"No; please tell me, Mr. Prince. Oh, I am sure this is going to be a real true fairy tale—how delicious!" and Daisy leaned back on her sofa with a sigh of content.

"The rooms were beautiful, Daisy," continued Arthur "because the walls were papered with Goodness and the chairs, and the tables, and the carpets, and the sofas, and the thousand-and-one little knick-knacks, were placed in the rooms by Self-Denial, and the windows were polished very brightly by Love herself, and she kept the key which opened the chamber doors."

"How sweet!" said Daisy.

"Yes; there were two rooms, and they were very sweet. To live there meant to get into an abode of peace. As to ogres, they would fall down dead on the threshold of such rooms. There were only two, and they were up high in a small house, and without the gilding and the glory which I spoke of they would have seemed humble enough, but to those who knew their secret, and what their owner had done for her expected guests, they appeared a very Palace Beautiful. Now, Daisy, I must tell you something so sad. The rooms were ready, but the guests did not arrive. Three guests were expected, but the kind lady who had prepared the rooms, who had papered them with Goodness, and furnished them with Self-Denial, and brightened them with Love, waited and longed for her visitors in vain.

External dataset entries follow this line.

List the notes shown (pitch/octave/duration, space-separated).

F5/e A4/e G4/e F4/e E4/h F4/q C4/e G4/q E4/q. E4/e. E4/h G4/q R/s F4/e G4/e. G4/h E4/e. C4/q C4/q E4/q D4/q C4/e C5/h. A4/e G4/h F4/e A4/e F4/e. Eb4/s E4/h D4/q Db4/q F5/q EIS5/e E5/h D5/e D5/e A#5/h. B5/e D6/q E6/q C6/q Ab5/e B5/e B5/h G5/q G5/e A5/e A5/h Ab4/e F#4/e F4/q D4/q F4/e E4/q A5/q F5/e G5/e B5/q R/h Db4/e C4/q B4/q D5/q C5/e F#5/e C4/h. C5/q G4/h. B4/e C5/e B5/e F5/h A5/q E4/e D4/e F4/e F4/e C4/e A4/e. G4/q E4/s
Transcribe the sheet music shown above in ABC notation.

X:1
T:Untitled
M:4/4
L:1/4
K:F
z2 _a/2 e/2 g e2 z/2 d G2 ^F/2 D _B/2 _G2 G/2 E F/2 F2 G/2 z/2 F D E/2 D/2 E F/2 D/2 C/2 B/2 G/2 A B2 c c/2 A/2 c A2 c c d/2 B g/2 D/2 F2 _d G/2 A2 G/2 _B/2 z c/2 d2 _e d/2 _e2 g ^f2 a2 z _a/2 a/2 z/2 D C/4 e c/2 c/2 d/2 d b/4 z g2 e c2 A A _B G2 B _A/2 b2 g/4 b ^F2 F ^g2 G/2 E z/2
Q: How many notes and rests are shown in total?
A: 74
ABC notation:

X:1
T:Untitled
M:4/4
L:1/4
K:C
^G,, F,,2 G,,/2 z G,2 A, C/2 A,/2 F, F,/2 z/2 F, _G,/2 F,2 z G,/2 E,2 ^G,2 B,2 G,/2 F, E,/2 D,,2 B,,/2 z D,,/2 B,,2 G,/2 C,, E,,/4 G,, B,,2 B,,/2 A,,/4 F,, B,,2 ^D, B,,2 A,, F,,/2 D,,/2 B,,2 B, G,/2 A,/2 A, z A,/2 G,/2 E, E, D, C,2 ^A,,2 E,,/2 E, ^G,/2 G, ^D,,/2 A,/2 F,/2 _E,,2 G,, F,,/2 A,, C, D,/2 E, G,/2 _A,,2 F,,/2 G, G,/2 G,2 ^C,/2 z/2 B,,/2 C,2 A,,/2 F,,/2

"Two of the visitors were most anxious to come, but one—a little one—although she looked very gentle and had a sweet expression and blue eyes, and seemed quite the sort of little girl who would not willingly hurt a fly, held back. It never entered into her head that she was selfish, and was making two or three people who loved her both anxious and unhappy. She preferred to live in rooms which, by comparison, were like dungeons; for the owners had never put Love into them, and had never thought of Self-Denial in connection with them. There, Daisy-flower, I have done. It seems a pity that the little girl should have been so selfish, does it not?"

"But how does the story end, Mr. Arthur? You have really only just begun."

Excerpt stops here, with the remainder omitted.